“Interrompere ogni possibile comunicazione dei capo clan mafiosi in stato di arresto, domiciliare come in carcere, è una priorità se si vuole realmente ed efficacemente contrastare la mafia.
Il ritorno in carcere del boss di Cosa Nostra Guttadauro, prima agli arresti domiciliari, perché avrebbe violato più volte l’obbligo di non comunicare con persone diverse da quelle che abitano con lui e cercato canali di comunicazione riservati per parlare con altre persone, ripropone la questione che abbiamo da tempo sollevato, concordando con l’allarme lanciato in più occasioni da numerosi magistrati delle Dda di Sicilia, Campania e Calabria”.
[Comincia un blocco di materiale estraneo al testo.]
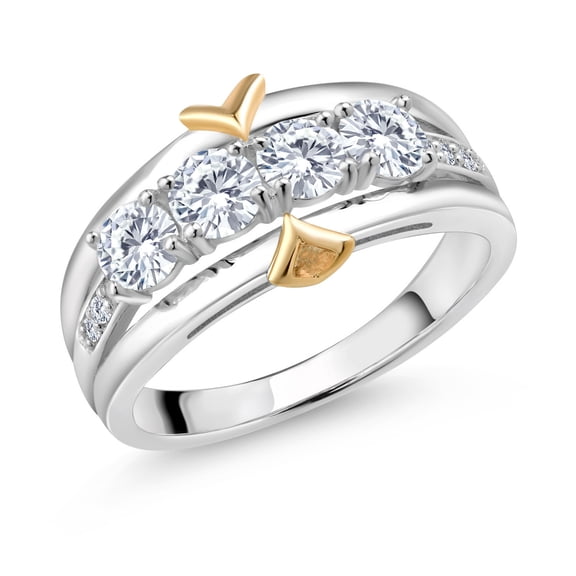 Gem Stone King White Moissanite and White Lab Grown Diamond Band Ring for Women | 925 Sterling Silver and 10K Yellow Gold | 0.97 Cttw | Wedding Engagement Anniversary Promise Ring for Women | Size 8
Ad affermarlo è il segretario generale del Sindacato Polizia Penitenziaria – S.PP. – Aldo Di Giacomo ricordando che “il problema è soprattutto in carcere dove arrivano in media due affiliati a clan mafiosi ogni giorno e dove i casi di ordini e minacce estorsive, persino via telefono, si susseguono da tempo e interessano soprattutto gli istituti penitenziari con detenuti a regime 41 bis.
Lo Stato sta dimostrando tutta la sua incapacità vanificando il grande lavoro dei magistrati antimafia e degli inquirenti con il rischio sempre più diffuso che chi ha subito violenze, ricatti, richieste estorsive, rinunci a collaborare.
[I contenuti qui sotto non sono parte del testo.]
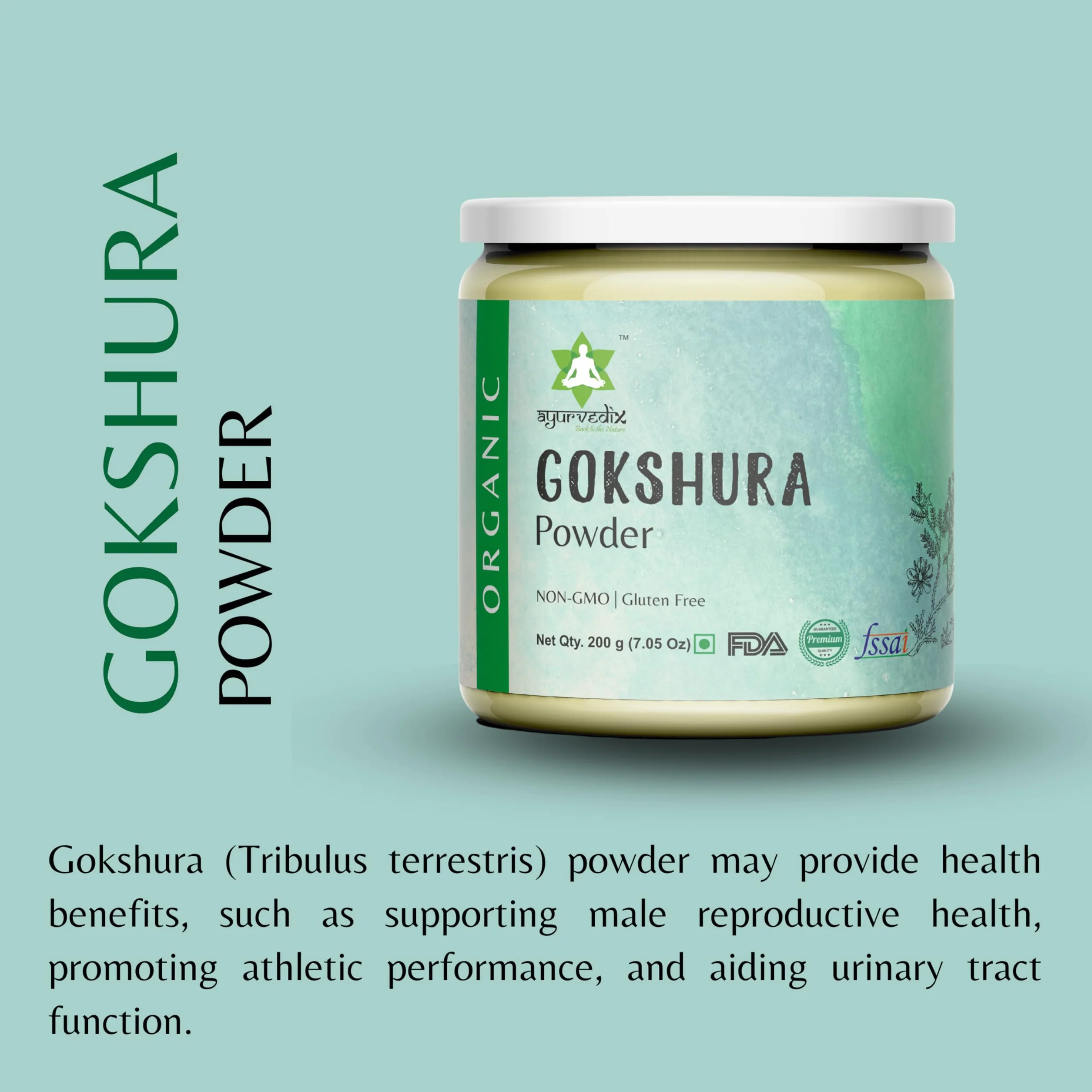 Polvere organica di Gokshura Tribulus Terrestris 200 g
Il continuo ritrovamento di telefonini – in media cinque a settimana – in gran parte arrivati dal “cielo” (attraverso i droni) è il primo elemento per interrompere, una volta per tutte, con le comunicazioni, il “comando” dal carcere ai territori oltre alle minacce ed estorsioni via telefono come è dimostrato da tanti casi di cronaca.
Non si sottovaluti – afferma il segretario del Sindacato Polizia Penitenziaria – che le mafie approfittando di questa fase di crisi internazionale e difficoltà economica per imprenditori e famiglie stanno concentrando i propri interessi sulle attività economiche e produttive per acquisire alberghi, ristoranti, imprese, intensificare l’usura, decidendo e pianificando dalle celle le operazioni da svolgere.
È naturale chiedersi se siamo solo di fronte ad una diffusa incapacità di far fronte alla criminalità che opera dal carcere o se c’è dell’altro.
Questa situazione conferma – dice ancora Di Giacomo – che, come sosteniamo da anni, la lotta alle mafie si conduce a partire dal carcere dove sono detenuti capi clan e boss insieme ad esponenti di spicco delle famiglie.
Ministro, Parlamento, politici prendano atto che dalle carceri del Nord e del Sud del Paese boss ed esponenti di spicco della criminalità organizzata continuano a comandare”.